Kiedy doszło do rozpadu Oasis, wydawałoby się, że o braciach Gallagher już nie usłyszymy. Liam z resztą chłopaków założył Beady Eye, które kontynuuje ścieżkę Oasis, a Noel założył własny projekt, idąc swoją własną drogą. Po dość ciepło przyjętym debiucie na drugi album trzeba było czekać cztery lata.
I tak jak na poprzednim albumie słychać Noela zaczynającego każdy utwór od liczenia, potrafi zagrać interesujący riff i stworzyć miejscami mocno brudny klimat, podszyty melancholią. Jak w „Riverman” czy bardziej przebojowym „In the Heat of the Moment” z mocnym basem oraz… dzwonami. Facet wie jak zrobić potencjalny przebój, ale jednocześnie stara się, by tekst nie był o pierdołach.
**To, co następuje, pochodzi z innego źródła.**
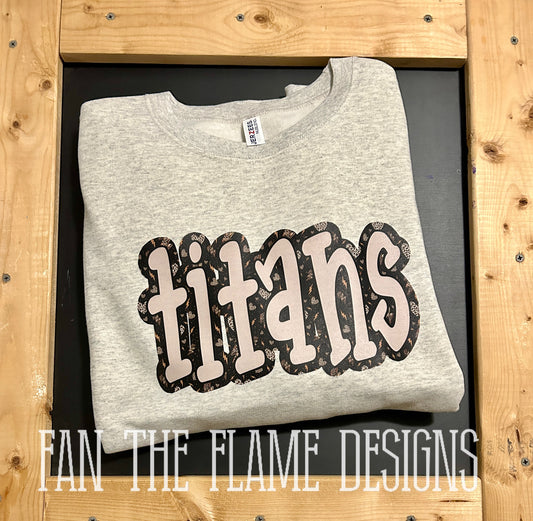 Titans lightning bolt outline tee/sweatshirt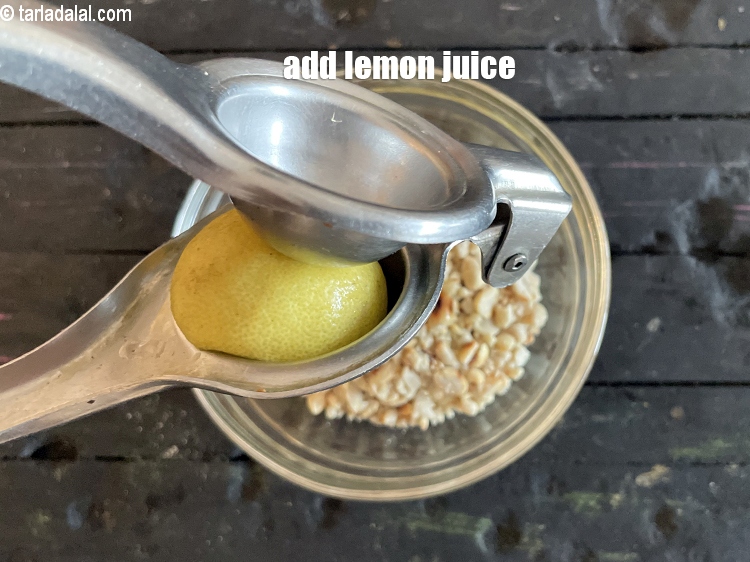 Step 17 – Add 1&nbsp;tbsp&nbsp;<a href="glossary-lemon-juice-numbi-ka-ras-nimbu-ka-juice-471i">lemon juice</a>.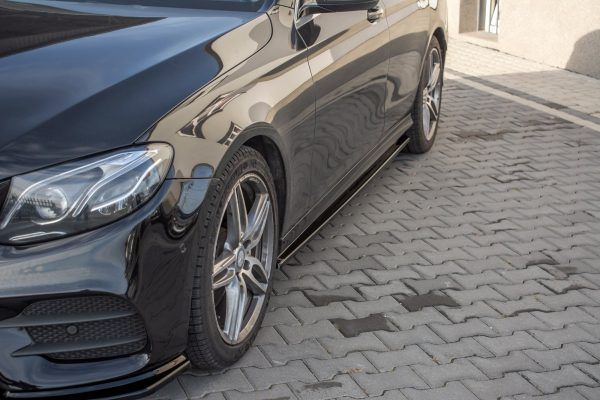 Mercedes-Benz E Estate S213 - Lâminas para embaladeiras | ME-E-213-AMGLINE-SD1G | Produto Maxton Design distribuído por Unicartuning. Mercedes-Benz E Estate S213 - Lâminas para embaladeiras | ME-E-213-AMGLINE-SD1G | Produto Maxton Design distribuído por Unicartuning.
Czasami zdarzają się pewne podobieństwa do Oasis (melancholijne „The Girl with X-Ray Eyes” z Hammondami czy brudniejsze „Look All the Doors” z psychodelicznymi – troszkę – riffami), jednak Gallagher robi wszystko, by uniknąć monotonii, stąd m.in. pojawienie się dęciaków w „The Right Stuff” czy obecność Johnny’ego Marra w kończącym całość „The Ballad of Mighty I”.
Widać, że Noel lata wysoko i nawet pewne powtórzenia czy inspiracje macierzystą grupą jestem w stanie wybaczyć. Jedno jest pewne, Gallagher trzyma formę oraz fason, a słuchanie go sprawia naprawdę wielką frajdę. Mocny kandydat do płyty roku.